July 30, 2012 1 Comment
Two years ago, almost to the day, I met a charming gentleman who had been diagnosed the preceding month with metastatic non small cell lung cancer.
The work-up that confirmed his diagnosis also identified an EGFR mutation. This mutation enabled him to receive the targeted agent erlotinib (Tarceva®) as first line therapy and it provided immediate benefit. An incidental finding in his work-up was a meningioma (a benign brain tumor that often arises in the midline of the brain, in an area known as the falx).
Follow up MRI showed no growth of the meningioma. The patient remained on the same therapy for three months at which time his treating physician decided to consolidate him with chemotherapy. The patient’s tolerance could not have been worse: nausea, malaise, fatigue and a 30 pound weight loss. He requested that I assume his care. After careful consideration, I put him right back on what worked in the first place – erlotinib.

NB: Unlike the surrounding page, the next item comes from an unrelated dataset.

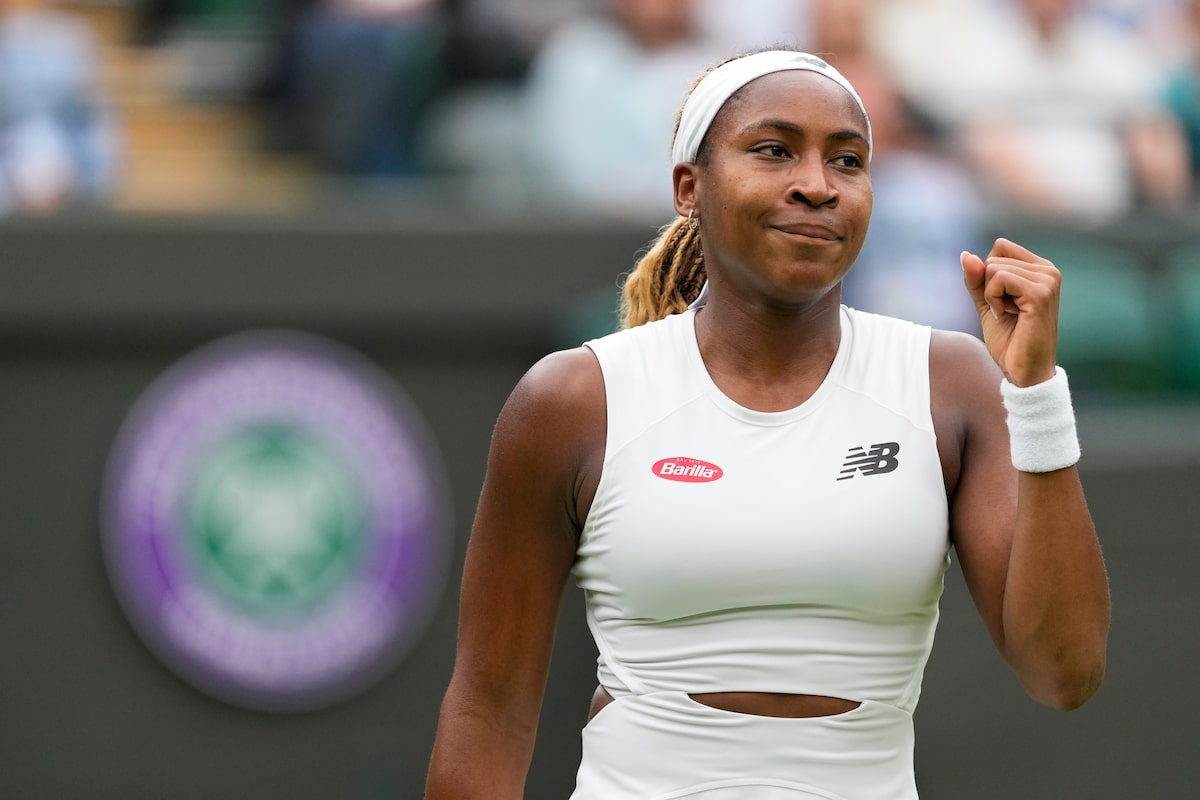 Coco Gauff écrase la qualifiée Anca Todoni et se qualifie pour le troisième tour à Wimbledon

With the exception of a few minor toxicities the patient did beautifully. As we approached his restaging with PET/CT and MRI of the brain, scheduled for August 2012 (his two-year point), he presented to a university medical center with disturbing neurological symptoms. An MRI revealed the meningioma to be much larger than originally found two years earlier. Surgery was scheduled for the following day.
The patient and I discussed his situation by phone as he sat in his hospital room awaiting the surgery. If this were a meningioma, it could be removed. However, if this was related to his lung cancer, then there was an opportunity at hand to determine (using the EVA-PCD® platform) whether the cancer was still responsive to erlotinib or had developed mutations that might confer resistance (e.g., T790M). On the one hand, high dose pulse erlotinib can be effective for CNS disease, so long as resistance has not developed. On the other hand, newer classes of drugs that target T7090M might be required.
We needed tissue for testing, so we could create a functional profile of the tumor, and the surgery was 12 hours away. The patient wanted us to do the study. I wanted to do the study. The problem was that I needed to arrange to get tissue to the lab and time was running short.
With an admirable degree of sleuth work, we identified the surgical resident on duty that evening. We explained our need and he proceeded to explain in great detail that this would never happen. Above and beyond the protocols and standards by which he delivered care, he had 45 other patients to cover, as well as consults to conduct. I hung up disappointed that this opportunity would be missed.
The next morning as I finished hospital rounds I noticed a 6:40 a.m missed call on my cell phone. It was from the hospital where the patient was undergoing surgery. I then received a second call from the same number. It was the attending senior surgeon. He was about to scrub in for the scheduled surgery and offered to assist me in any way he could. He explained that they hoped and believed that this was a benign meningioma. If it was, he would remove it and there would be no need for our involvement. An hour later, communicating via speakerphone in the OR, the surgeon explained that this was indeed adenocarcinoma consistent with the patient’s lung cancer diagnosis. He promised to process the tissue carefully, and then provided his cell phone number so we could communicate. I felt a sense of great relief.
While I cannot say what our laboratory tests will find, the story is both educational and inspirational. The patient is an example of a breakthrough in medical science that provided him an excellent and durable response with comparatively little toxicity. That was the good.
The bad reflected the overworked resident’s insouciance. He was busy, it was late and it appeared that we had confused him with someone who cared. After all, there is no payback to perform above-and-beyond-the-call-of-duty medicine. That was sad, for we are now training physicians who are technicians and not healers. They play by the rules and never extend themselves. No one can ding them for doing their job and no one applauds them for doing more.
The really good news was the response of the attending physician. This individual whom I have never met, evidenced an admirable degree of patient advocacy, commitment and compassion. This patient’s good outcome mattered to him and if there was something that I could bring to the table to help this person in need, then he was all there.
We are at a crossroads in medicine. Will we sponsor the healers or promote the technicians? In our laboratory we do everything in our power to provide all the science that we can bring to bear for every patient. The one component that we cannot offer as a service is the art of medicine. That is up to each individual physician.